Einen ersten Schritt hat Vodafone aber schon angekündigt: Man will den Standort in Brüssel ausbauen, um die regulatorischen und öffentlichen Interessen stärker zu vertreten. Ebenso will der Konzern die Geschäftszahlen künftig nicht mehr in Pfund, sondern in Euro ausweisen.
Einheitliche Regeln für digitale Wirtschaft
Vor den Konsequenzen des Brexit warnten nicht nur Politiker, sondern auch Branchenverbände wie der Bitkom. „Wir müssen jetzt dafür sorgen, dass die Auswirkungen auf die deutsche und europäische Digitalwirtschaft möglichst gering bleiben“, erklärte der Hauptgeschäftsführer Bernhard Rohleder nach der Abstimmung. Entscheidend sei nun, dass der digitale Binnenmarkt in Europa erhalten bleibe.
Denn es wären vor allem die mittelständischen Unternehmen und Start-ups, die benachteiligt werden, wenn Großbritannien sich abspaltet. Eigenständige Gesetze bedeuten für gewöhnlich mehr Bürokratie und damit höhere Kosten.
Hinzu kommt die Rolle von Europa im globalen Wettbewerb. „International einheitliche Regeln sind die Grundvoraussetzung für eine funktionierende und leistungsfähige digitale Wirtschaft“, so Rohleder. Scheidet Großbritannien nun aus der EU aus, erschwere das den Versuch der EU-Kommission, einen großen einheitlichen digitalen Binnenmarkt zu schaffen, um den Unternehmen einen Wettbewerb auf Augenhöhe mit Ländern wie den USA oder China zu ermöglichen.
Großbritannien und der Datenschutz
Besondere Nachteile erwartet Bitkom für Privatpersonen in Großbritannien. Europäische Vorgaben zum Daten-, Verbraucher- und Umweltschutz wurden in der Regel gegen den Widerstand der britischen Regierung durchgesetzt. So stehe etwa die Frage im Raum, ob Großbritannien noch die europäische Datenschutzreform umsetze, die im letzten Jahr nach jahrelangen und mühsamen Verhandlungen beschlossen wurde. Offiziell soll diese erst ab 2018 in Kraft treten, der Zeitrahmen kollidiert also mit den erwarteten Brexit-Verhandlungen.
Auf diesen Punkt verweist auch der ehemalige Bundesdatenschutzbeauftragte Peter Schaar in einem Blog-Beitrag. Demnach habe die britische Regierung dafür gesorgt, die sogenannte „NSA-Klausel“ – also der Schutz von europäischen Nutzerdaten vor dem Zugriff von ausländischen Geheimdiensten – nur als „Opt-out“-Lösung in das Regelwerk aufzunehmen.
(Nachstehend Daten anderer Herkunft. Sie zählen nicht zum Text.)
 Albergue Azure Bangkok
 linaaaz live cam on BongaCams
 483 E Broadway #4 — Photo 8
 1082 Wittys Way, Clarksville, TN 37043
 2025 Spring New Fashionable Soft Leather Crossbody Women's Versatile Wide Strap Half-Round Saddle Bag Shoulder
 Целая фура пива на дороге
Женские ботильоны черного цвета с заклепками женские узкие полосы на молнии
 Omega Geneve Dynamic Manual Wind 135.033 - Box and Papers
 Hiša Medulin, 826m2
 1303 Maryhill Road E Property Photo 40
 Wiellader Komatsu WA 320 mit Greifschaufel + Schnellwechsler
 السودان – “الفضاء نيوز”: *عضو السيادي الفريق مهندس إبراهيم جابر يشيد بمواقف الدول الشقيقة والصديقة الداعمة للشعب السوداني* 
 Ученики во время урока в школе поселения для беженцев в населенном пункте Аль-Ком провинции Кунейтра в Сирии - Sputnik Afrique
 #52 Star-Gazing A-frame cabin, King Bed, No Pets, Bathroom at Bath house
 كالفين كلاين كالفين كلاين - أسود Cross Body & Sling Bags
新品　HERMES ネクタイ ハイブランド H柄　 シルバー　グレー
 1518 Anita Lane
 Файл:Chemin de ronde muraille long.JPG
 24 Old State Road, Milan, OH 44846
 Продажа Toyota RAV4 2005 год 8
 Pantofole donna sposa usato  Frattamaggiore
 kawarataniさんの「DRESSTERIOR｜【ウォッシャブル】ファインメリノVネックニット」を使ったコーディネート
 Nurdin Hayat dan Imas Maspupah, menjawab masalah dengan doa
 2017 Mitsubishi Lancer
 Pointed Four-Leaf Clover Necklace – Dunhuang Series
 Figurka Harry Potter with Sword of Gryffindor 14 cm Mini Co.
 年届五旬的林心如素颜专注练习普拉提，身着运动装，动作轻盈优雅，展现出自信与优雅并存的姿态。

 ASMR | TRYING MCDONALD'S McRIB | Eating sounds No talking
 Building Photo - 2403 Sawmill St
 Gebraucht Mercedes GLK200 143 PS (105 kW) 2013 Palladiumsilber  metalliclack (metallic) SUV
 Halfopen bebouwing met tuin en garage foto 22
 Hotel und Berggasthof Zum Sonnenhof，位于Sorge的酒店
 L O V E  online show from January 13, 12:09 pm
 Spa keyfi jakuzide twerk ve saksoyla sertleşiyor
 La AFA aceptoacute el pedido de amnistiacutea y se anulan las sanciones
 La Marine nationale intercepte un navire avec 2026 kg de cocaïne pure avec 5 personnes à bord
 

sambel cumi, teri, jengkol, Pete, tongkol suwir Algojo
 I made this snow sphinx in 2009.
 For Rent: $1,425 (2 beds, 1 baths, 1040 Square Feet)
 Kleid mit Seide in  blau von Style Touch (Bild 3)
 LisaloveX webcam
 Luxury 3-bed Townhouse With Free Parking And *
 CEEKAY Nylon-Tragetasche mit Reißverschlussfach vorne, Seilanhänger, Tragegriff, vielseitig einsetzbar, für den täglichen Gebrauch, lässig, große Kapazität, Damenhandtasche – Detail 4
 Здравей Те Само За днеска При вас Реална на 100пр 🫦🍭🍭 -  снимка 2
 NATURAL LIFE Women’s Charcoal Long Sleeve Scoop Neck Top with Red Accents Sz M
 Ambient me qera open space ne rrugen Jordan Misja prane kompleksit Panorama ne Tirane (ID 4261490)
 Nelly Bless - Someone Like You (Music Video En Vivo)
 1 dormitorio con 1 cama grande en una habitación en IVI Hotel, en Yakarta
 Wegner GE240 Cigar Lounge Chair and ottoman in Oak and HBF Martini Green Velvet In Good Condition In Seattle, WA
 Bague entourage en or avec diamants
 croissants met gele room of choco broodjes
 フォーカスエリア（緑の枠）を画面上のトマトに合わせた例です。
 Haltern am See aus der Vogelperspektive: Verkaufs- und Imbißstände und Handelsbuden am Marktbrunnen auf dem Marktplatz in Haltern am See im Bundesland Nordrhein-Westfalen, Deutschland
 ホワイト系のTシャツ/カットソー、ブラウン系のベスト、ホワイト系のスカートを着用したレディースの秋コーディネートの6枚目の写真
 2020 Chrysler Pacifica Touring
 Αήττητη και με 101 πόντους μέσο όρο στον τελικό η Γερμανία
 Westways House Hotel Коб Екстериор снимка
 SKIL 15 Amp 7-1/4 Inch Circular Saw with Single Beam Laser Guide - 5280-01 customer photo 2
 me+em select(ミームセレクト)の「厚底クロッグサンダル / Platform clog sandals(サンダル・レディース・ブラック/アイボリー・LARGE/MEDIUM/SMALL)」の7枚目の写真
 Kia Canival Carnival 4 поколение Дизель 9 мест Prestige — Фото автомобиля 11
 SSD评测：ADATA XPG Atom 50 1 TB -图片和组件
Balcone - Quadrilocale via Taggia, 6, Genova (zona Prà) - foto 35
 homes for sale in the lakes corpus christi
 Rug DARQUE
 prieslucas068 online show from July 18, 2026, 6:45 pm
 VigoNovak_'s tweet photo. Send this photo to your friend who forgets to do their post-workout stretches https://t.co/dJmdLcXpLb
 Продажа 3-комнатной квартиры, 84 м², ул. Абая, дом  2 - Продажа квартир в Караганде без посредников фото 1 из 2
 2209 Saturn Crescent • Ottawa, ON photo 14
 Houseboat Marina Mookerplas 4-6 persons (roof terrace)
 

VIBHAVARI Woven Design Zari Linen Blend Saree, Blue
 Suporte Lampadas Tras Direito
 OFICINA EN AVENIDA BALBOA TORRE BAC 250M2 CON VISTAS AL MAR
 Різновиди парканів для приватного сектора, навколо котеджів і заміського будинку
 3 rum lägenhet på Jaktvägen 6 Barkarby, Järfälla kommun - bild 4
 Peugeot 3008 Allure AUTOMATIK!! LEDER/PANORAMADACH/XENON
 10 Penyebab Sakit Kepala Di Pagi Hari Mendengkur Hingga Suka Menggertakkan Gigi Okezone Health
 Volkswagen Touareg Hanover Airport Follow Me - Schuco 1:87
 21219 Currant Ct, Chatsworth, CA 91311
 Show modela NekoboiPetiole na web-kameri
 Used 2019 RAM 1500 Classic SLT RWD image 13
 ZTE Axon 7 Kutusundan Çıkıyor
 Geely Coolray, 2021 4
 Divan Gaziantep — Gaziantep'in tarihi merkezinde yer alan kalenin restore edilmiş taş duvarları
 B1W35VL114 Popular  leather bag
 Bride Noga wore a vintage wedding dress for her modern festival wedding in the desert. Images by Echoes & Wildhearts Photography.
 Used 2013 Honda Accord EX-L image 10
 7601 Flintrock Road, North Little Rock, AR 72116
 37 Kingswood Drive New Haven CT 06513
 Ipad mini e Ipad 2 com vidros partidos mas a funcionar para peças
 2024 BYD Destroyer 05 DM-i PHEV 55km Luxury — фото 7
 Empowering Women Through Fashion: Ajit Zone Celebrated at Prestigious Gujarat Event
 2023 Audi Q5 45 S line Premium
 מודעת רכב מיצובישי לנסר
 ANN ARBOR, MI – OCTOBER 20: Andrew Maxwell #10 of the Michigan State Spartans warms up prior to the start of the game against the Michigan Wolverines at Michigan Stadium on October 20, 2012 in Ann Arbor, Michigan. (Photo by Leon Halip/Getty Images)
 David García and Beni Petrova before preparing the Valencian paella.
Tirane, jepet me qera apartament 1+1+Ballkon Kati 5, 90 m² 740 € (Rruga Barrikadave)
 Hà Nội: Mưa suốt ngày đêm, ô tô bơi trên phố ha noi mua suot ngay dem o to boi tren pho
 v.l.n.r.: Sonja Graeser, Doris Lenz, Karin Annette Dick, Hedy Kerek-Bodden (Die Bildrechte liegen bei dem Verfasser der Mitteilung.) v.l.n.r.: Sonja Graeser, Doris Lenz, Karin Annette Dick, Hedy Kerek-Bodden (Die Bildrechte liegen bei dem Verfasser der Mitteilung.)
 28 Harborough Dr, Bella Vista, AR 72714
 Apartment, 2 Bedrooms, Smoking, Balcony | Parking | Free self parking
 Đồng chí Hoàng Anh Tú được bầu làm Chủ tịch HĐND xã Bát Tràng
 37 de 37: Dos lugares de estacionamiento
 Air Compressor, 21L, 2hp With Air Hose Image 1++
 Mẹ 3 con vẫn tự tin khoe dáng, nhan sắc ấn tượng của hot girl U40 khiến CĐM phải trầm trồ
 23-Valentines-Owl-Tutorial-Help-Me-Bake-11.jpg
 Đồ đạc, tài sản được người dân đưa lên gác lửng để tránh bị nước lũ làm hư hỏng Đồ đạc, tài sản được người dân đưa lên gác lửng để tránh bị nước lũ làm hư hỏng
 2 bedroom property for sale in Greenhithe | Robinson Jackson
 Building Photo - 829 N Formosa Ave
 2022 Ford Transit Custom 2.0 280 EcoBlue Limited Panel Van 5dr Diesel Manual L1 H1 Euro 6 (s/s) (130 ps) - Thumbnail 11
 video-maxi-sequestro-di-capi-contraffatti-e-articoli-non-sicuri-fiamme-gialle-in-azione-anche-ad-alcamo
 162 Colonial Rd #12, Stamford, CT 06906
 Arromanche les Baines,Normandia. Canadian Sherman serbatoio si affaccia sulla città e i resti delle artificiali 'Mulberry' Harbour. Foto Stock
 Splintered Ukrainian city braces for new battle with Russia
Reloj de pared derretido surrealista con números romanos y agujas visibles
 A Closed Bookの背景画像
Einzelne EU-Mitgliedsstaaten müssen diese also nicht umsetzen.
Insbesondere nach dem Safe-Harbor-Urteil des Europäischen Gerichtshofs ist das ein heikler Punkt. Es wäre also durchaus denkbar, dass Probleme beim Privacy-Shield-Abkommen – das europäische Nutzerdaten vor Massenüberwachung schützen soll – künftig nicht nur die amerikanischen Regierung betreffen, sondern auch die britische.